Problem to work on
Repeat exactly the lines from the start of the records below through the line that contains "Imagen de la", including both.

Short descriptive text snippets
****************************************

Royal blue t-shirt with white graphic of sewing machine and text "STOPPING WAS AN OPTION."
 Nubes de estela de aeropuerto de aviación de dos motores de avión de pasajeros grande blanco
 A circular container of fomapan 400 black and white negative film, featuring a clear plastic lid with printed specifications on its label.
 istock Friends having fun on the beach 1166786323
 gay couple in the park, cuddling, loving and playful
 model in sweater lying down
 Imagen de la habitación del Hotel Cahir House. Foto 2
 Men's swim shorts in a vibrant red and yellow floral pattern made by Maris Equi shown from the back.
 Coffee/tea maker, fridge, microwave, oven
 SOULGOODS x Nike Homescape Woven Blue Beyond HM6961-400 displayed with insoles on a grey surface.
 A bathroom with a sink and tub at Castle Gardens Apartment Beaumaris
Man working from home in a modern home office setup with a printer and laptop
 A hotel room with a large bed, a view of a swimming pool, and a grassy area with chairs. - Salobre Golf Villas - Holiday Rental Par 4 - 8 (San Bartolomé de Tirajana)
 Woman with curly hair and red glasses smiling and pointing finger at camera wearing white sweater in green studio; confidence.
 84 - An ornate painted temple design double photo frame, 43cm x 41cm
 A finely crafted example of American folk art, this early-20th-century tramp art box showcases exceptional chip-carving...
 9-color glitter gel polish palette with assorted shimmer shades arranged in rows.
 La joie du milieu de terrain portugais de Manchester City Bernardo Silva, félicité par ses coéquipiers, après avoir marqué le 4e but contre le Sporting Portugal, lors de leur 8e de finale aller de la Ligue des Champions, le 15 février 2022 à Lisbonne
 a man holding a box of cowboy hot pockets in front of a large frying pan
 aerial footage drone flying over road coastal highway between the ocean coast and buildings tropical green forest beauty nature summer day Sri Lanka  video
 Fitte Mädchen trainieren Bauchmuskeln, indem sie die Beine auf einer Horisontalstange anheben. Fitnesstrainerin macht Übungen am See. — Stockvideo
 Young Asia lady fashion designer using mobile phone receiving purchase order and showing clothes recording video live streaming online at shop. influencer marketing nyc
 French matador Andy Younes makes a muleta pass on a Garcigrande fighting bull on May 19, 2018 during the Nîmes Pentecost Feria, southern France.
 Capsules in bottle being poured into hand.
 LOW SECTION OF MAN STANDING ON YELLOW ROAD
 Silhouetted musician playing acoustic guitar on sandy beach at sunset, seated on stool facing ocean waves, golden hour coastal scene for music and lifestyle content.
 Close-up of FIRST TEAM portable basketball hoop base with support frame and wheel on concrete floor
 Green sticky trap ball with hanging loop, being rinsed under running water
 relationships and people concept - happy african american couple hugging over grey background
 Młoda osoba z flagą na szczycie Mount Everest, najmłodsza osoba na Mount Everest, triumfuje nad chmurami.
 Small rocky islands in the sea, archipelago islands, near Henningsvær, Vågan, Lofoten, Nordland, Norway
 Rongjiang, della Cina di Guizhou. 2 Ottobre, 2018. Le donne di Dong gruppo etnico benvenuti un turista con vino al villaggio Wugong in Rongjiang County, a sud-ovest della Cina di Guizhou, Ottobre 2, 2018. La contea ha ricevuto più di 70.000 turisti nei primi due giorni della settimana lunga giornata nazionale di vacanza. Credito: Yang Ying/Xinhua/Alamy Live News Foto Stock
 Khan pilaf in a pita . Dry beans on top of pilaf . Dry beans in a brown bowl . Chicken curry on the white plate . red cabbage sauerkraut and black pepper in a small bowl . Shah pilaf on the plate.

****************************************

Your solution
Royal blue t-shirt with white graphic of sewing machine and text "STOPPING WAS AN OPTION."
 Nubes de estela de aeropuerto de aviación de dos motores de avión de pasajeros grande blanco
 A circular container of fomapan 400 black and white negative film, featuring a clear plastic lid with printed specifications on its label.
 istock Friends having fun on the beach 1166786323
 gay couple in the park, cuddling, loving and playful
 model in sweater lying down
 Imagen de la habitación del Hotel Cahir House. Foto 2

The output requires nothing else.